Supplied data:
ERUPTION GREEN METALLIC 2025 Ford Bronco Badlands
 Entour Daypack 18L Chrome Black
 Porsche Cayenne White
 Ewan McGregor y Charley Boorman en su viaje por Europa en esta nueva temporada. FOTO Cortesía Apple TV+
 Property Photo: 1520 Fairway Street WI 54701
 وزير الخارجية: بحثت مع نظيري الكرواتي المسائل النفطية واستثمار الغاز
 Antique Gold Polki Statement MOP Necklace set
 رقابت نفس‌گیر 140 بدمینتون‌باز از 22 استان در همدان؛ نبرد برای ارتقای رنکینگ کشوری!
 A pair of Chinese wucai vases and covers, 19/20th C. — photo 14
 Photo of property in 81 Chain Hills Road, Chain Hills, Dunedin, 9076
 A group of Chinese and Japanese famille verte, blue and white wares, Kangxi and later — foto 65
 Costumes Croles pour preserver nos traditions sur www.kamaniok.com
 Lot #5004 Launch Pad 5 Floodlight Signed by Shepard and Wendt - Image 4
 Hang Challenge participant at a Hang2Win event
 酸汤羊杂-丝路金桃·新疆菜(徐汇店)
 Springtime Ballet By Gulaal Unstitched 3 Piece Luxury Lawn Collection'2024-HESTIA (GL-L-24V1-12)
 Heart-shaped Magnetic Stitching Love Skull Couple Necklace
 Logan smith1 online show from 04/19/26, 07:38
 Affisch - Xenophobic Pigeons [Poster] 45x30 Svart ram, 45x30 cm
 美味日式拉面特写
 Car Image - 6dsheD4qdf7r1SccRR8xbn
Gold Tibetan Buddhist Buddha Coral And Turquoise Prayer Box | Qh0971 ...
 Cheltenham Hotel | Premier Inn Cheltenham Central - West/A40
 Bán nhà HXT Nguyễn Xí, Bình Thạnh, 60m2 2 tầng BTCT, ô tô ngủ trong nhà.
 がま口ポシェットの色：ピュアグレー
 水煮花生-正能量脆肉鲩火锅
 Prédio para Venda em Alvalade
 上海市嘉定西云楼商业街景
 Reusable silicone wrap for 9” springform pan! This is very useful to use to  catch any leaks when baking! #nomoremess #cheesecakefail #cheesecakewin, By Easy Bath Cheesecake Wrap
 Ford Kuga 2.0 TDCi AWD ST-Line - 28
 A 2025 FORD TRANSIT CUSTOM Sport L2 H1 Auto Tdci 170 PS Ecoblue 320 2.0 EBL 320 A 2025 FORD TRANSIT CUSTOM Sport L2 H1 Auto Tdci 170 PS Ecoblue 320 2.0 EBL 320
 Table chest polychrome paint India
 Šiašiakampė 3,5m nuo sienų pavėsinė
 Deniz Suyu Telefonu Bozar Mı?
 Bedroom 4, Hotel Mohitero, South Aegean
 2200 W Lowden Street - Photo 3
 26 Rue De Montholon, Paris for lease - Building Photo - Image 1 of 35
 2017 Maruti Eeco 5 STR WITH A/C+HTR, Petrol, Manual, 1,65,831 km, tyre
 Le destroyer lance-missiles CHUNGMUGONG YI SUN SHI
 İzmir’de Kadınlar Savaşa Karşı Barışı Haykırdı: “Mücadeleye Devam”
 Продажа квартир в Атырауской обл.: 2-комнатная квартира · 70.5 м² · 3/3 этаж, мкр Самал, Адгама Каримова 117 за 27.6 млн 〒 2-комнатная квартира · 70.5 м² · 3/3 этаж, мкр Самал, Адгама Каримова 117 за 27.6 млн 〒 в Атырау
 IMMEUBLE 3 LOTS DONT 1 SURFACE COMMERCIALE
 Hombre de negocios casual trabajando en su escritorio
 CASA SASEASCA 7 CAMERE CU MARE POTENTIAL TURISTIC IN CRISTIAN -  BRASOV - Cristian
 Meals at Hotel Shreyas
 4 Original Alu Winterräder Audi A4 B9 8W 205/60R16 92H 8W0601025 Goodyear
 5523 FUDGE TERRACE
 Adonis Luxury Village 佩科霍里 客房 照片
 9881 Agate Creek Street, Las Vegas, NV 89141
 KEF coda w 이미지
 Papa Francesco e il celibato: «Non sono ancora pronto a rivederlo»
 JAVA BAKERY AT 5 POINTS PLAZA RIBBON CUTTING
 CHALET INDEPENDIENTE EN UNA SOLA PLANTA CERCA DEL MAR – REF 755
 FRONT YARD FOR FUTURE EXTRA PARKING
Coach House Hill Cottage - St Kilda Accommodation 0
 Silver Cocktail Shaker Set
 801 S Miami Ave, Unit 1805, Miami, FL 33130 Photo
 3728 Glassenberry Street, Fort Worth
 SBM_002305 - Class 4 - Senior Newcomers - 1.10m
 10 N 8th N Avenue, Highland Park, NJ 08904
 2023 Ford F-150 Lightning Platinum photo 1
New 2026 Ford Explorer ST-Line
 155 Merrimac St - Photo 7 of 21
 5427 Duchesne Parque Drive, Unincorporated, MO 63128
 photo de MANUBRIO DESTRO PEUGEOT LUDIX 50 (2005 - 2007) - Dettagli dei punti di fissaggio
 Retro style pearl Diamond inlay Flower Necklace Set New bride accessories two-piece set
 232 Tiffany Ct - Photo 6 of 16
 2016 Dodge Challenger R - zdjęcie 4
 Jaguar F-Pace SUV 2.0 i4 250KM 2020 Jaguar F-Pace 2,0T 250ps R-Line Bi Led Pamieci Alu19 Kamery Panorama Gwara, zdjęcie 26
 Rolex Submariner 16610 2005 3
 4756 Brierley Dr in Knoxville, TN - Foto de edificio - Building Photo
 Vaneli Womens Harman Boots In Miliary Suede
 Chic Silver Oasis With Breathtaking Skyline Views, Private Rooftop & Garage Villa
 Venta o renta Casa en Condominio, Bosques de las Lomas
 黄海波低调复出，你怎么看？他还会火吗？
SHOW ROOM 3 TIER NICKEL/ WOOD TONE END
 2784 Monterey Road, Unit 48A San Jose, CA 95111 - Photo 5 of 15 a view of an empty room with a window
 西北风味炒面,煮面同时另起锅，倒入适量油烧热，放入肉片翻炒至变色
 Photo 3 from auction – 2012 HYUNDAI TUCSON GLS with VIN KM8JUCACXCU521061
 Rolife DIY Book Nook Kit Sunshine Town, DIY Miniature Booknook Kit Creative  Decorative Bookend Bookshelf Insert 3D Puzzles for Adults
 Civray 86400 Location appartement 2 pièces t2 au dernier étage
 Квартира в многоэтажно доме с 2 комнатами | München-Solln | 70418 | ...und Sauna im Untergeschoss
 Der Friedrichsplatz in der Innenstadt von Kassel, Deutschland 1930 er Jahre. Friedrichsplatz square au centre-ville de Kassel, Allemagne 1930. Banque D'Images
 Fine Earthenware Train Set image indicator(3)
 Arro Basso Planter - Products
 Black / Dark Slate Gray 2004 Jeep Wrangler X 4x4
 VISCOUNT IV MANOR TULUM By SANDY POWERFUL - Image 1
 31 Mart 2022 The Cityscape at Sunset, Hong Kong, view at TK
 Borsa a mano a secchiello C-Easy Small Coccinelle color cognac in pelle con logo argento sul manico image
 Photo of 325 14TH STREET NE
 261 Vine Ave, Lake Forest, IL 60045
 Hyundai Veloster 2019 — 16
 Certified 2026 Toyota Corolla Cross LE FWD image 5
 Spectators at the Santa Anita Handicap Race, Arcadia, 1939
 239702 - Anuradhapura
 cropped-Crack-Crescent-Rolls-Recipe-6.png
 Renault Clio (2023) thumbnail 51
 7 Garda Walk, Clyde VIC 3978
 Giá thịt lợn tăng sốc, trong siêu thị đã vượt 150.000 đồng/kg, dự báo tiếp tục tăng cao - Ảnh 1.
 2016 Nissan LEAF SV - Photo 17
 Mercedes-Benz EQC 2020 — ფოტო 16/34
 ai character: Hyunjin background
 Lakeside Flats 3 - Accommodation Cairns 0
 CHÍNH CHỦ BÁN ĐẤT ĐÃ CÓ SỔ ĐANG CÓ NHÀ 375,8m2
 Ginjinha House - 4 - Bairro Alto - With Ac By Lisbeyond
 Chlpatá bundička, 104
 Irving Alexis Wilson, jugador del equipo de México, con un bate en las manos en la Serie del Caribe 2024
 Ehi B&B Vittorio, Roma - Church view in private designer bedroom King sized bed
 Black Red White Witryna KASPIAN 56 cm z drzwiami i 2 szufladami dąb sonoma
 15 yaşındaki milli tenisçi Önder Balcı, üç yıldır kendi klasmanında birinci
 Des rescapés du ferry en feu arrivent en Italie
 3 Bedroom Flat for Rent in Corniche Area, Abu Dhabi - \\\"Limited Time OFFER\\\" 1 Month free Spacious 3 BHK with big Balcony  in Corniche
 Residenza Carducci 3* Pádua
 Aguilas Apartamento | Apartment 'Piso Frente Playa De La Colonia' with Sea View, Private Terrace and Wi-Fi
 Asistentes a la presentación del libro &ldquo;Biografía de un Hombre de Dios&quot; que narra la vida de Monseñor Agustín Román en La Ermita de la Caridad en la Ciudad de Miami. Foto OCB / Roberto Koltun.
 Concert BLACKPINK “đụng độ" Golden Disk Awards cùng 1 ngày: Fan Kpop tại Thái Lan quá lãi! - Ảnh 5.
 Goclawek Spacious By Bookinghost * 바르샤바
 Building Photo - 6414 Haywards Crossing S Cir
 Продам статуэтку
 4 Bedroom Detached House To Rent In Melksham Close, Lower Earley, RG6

What is expected: Everything above from the line with "Šiašiakampė 3,5m nuo sienų pavėsinė" to the line with "Hombre de negocios", both included, must be repeated exactly, and nothing outside that range.

Output of the task:
 Šiašiakampė 3,5m nuo sienų pavėsinė
 Deniz Suyu Telefonu Bozar Mı?
 Bedroom 4, Hotel Mohitero, South Aegean
 2200 W Lowden Street - Photo 3
 26 Rue De Montholon, Paris for lease - Building Photo - Image 1 of 35
 2017 Maruti Eeco 5 STR WITH A/C+HTR, Petrol, Manual, 1,65,831 km, tyre
 Le destroyer lance-missiles CHUNGMUGONG YI SUN SHI
 İzmir’de Kadınlar Savaşa Karşı Barışı Haykırdı: “Mücadeleye Devam”
 Продажа квартир в Атырауской обл.: 2-комнатная квартира · 70.5 м² · 3/3 этаж, мкр Самал, Адгама Каримова 117 за 27.6 млн 〒 2-комнатная квартира · 70.5 м² · 3/3 этаж, мкр Самал, Адгама Каримова 117 за 27.6 млн 〒 в Атырау
 IMMEUBLE 3 LOTS DONT 1 SURFACE COMMERCIALE
 Hombre de negocios casual trabajando en su escritorio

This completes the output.